* [DESCRIPTION OF THE TASK] Print, exactly and without pictures, the lines from the one where "Tarakan Indonesia 24" appears down to the end of the entries.

* [WORKING DATA]

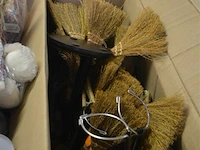 ±9 poppen met houder - afbeelding 2 van  2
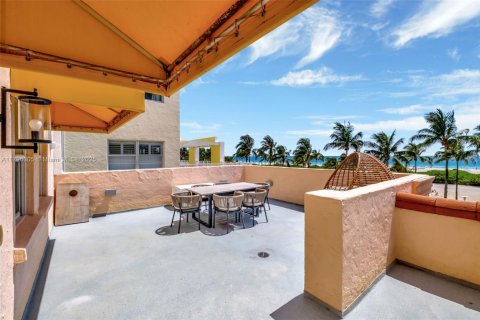 Copropriété à louer à Miami Beach, Floride: 2 chambres, 83.61 m2 № 1959983 - photo 21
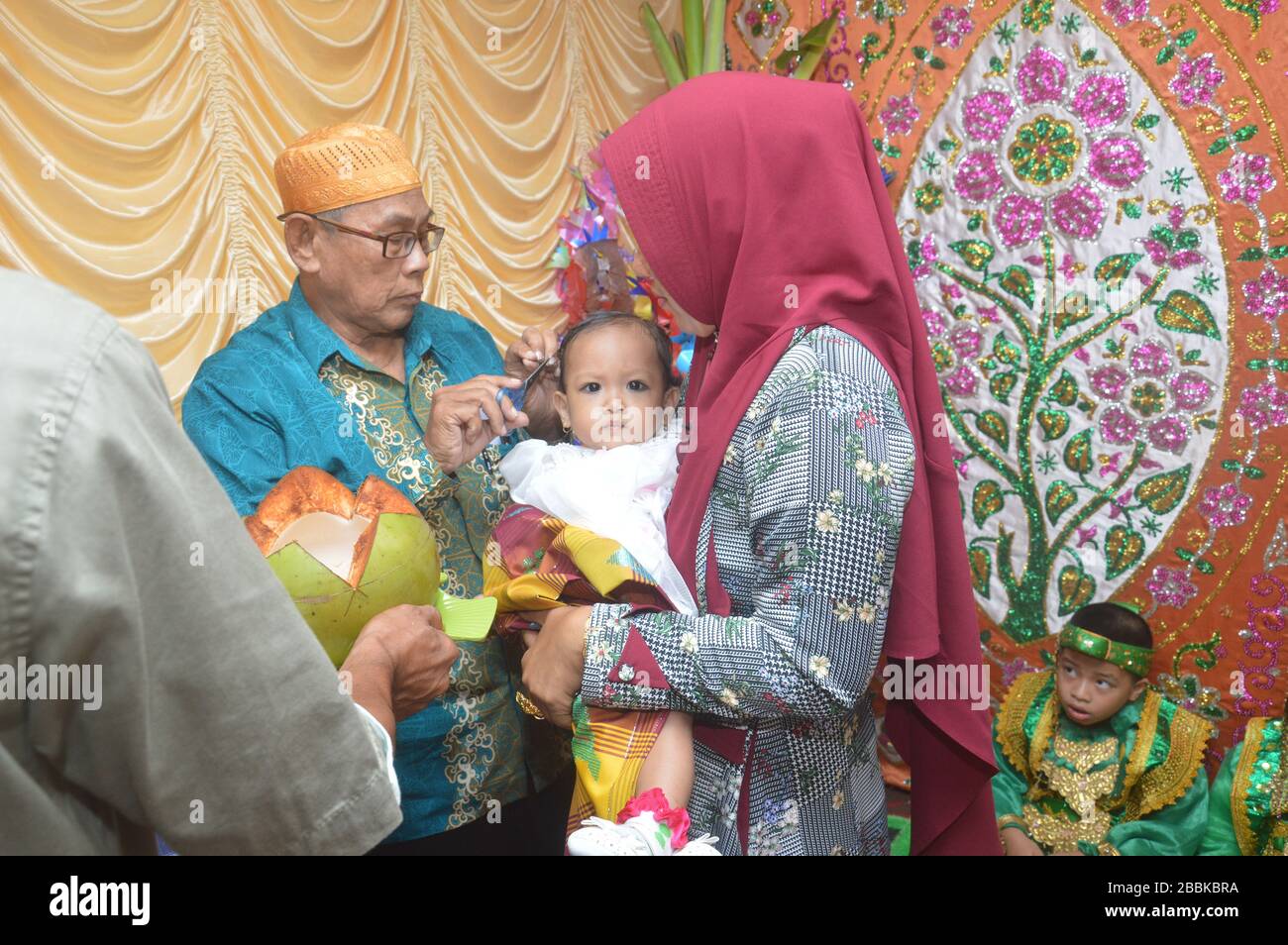 Tarakan Indonesia 24 De Abril De 18 El Primer Corte De Pelo Para Los Bebes Musulmanes O En El Islam Se Llama Akiqah La Ceremonia De Aqiqah Generalmente Se Lleva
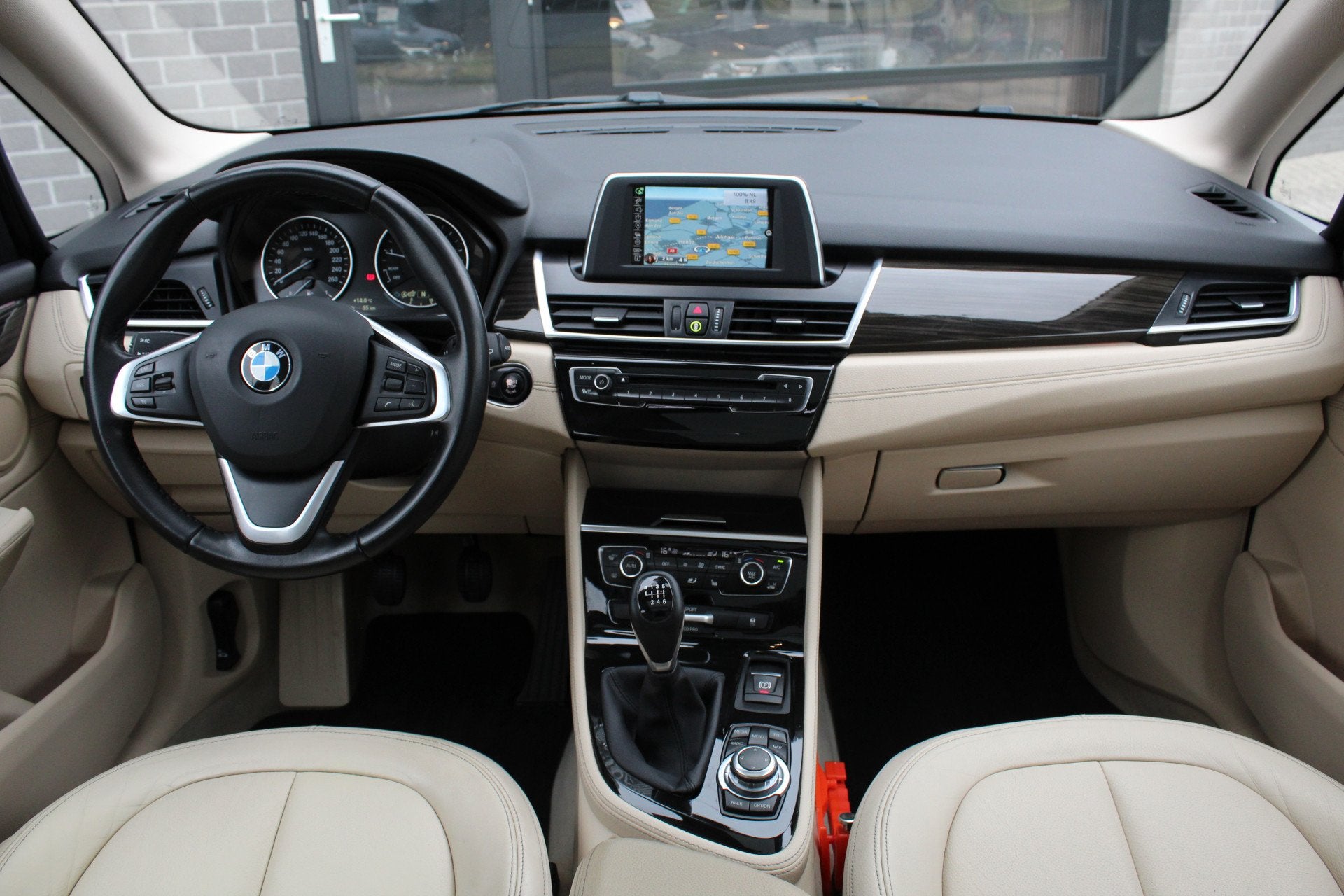 BMW 2 Serie Active Tourer 218i High Executive / Panoramadak, Auto's, BMW, Voorwielaandrijving, 136 pk, Gebruikt, Met garantie (alle)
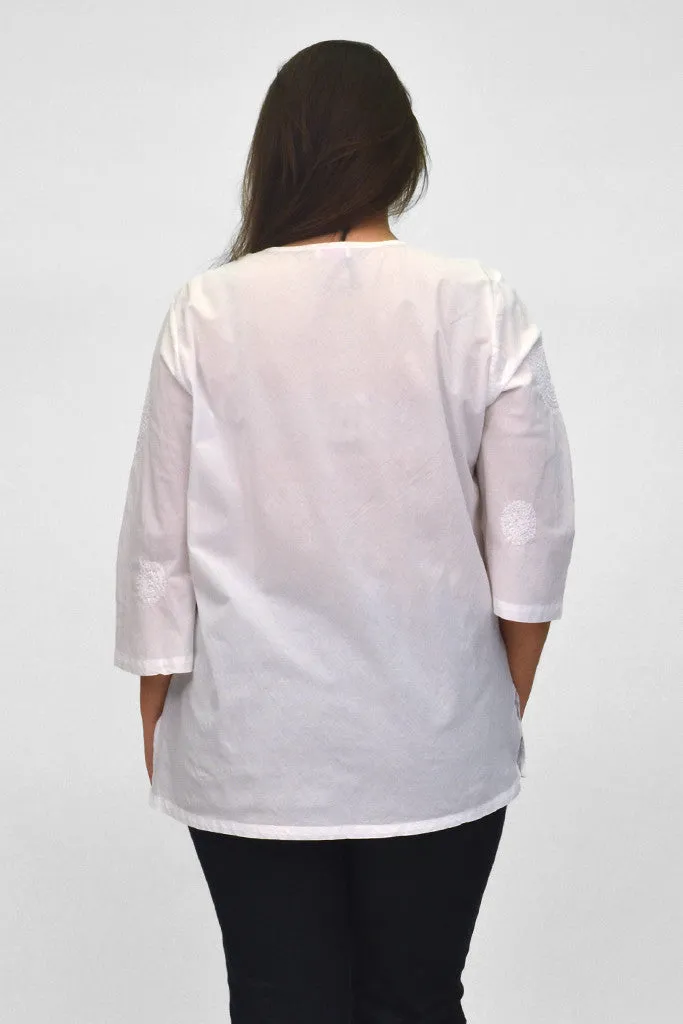 La Cera Plus Size White Embroidered V-Neck Casual Shirt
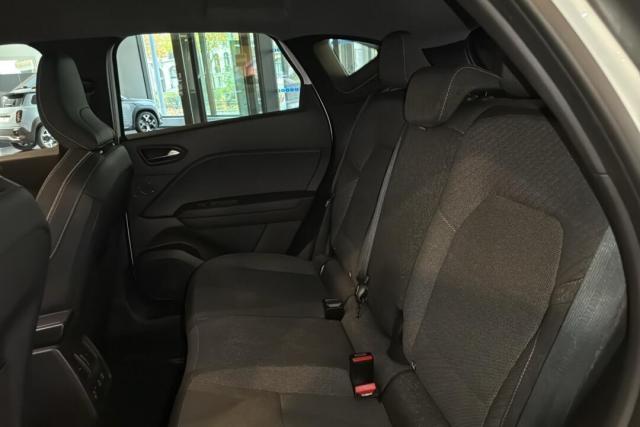 Renault Captur image 8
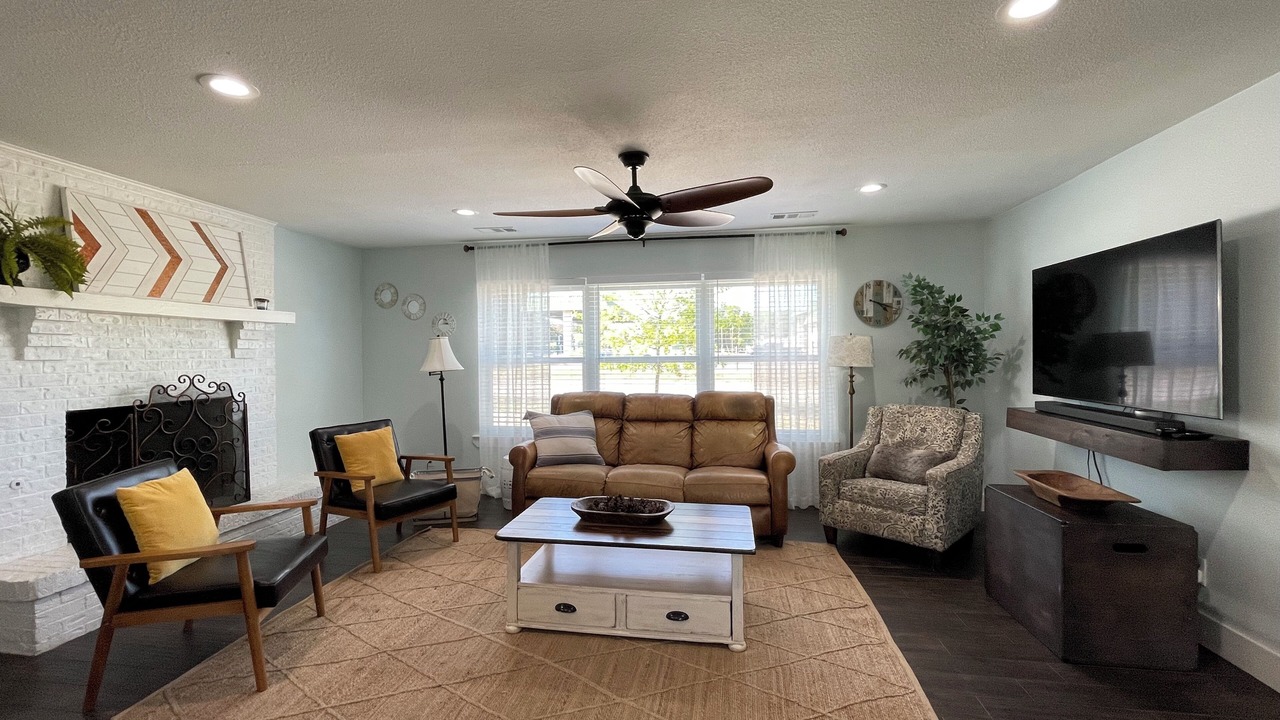 Photo of Livingroom in Lake Dallas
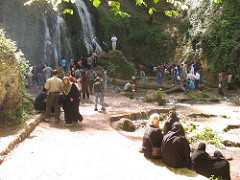 Drukte bij de Kaboodval waterval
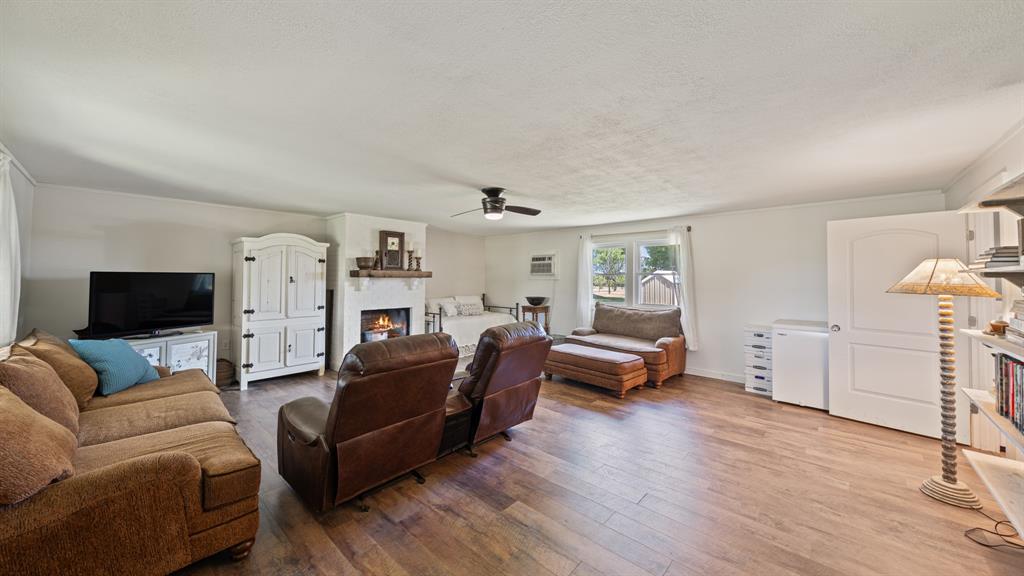 1053 Vz County Road 4206 Property Photo 7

* [EXERCISE RESULT]
 Tarakan Indonesia 24 De Abril De 18 El Primer Corte De Pelo Para Los Bebes Musulmanes O En El Islam Se Llama Akiqah La Ceremonia De Aqiqah Generalmente Se Lleva
 BMW 2 Serie Active Tourer 218i High Executive / Panoramadak, Auto's, BMW, Voorwielaandrijving, 136 pk, Gebruikt, Met garantie (alle)
 La Cera Plus Size White Embroidered V-Neck Casual Shirt
 Renault Captur image 8
 Photo of Livingroom in Lake Dallas
 Drukte bij de Kaboodval waterval
 1053 Vz County Road 4206 Property Photo 7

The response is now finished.